The confidence level of UAE residents seem to be soaring high, though pay hikes may have predominantly been in the single digits.
The belief that economy is back on track, real estate and construction sectors are booming and more jobs are being created has led to an increase in spending and this will become more evident in 2014.
More than two-thirds of working-age people believe that their spending will increase in 2014, according to a new research by deVere Group, an independent financial advisory organisation.
The findings are based on the responses from 600 working individuals between the ages of 20 and 65 who were polled in the UK, the US, the UAE, Hong Kong, South Africa, France, Spain and Germany.
And, the hike in consumer spending will primarily be on the ‘non-essentials’. When asked, “Is your spending on non-essentials likely to increase this year, compared to 2013?” majority [67 per cent of those surveyed] replied either 'considerably' or 'moderately'.

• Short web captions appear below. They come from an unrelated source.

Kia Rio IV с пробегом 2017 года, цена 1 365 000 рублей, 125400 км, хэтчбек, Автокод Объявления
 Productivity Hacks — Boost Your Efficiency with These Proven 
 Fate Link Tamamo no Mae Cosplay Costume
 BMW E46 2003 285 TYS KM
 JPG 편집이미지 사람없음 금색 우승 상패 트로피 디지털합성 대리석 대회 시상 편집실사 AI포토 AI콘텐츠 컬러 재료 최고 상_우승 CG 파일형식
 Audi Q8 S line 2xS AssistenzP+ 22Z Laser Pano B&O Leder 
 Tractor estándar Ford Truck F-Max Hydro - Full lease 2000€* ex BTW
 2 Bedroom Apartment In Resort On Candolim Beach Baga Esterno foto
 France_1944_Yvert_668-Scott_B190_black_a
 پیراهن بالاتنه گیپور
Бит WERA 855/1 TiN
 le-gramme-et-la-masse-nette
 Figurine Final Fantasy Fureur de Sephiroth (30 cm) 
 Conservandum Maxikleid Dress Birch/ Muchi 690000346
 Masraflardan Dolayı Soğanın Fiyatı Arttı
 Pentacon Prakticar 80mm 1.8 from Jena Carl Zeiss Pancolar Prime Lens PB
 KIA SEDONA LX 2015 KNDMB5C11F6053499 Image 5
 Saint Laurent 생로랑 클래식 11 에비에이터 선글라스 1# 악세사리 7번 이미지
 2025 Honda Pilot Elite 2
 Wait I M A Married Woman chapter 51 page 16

Only 19 per cent said they are ‘unlikely’ to increase their non-essential spending in 2014, whereas 9 per cent claimed their spending would fall, and 5 per cent did not know.
“Our survey highlights that, generally, people have a growing sense of financial confidence. It is a sentiment that is echoed by the World Bank, which recently increased its forecast for global growth for the first time in three years,” said deVere Group founder and chief executive, Nigel Green.
“It is this building momentum in confidence that is the probable driving force behind the expected increase in spending on things such as holidays, designer clothes and eating out in 2014.”
While Green champions the consumer spending that is among other important factors fuelling growth, the results of the poll - which undoubtedly show a level of growing optimism - come with words of warning.
“Should the extra consumption be short-term and should it lead to real growth, that is reasonable, but it is not a viable longer-term strategy for individuals or economies.
“Most people are not suddenly earning higher salaries, yet spending on non-essentials is expected to rise. This suggests that many people will fall back into pre-crash ways of running down their savings, or reducing the money they put aside each month, to fund spending,” he said.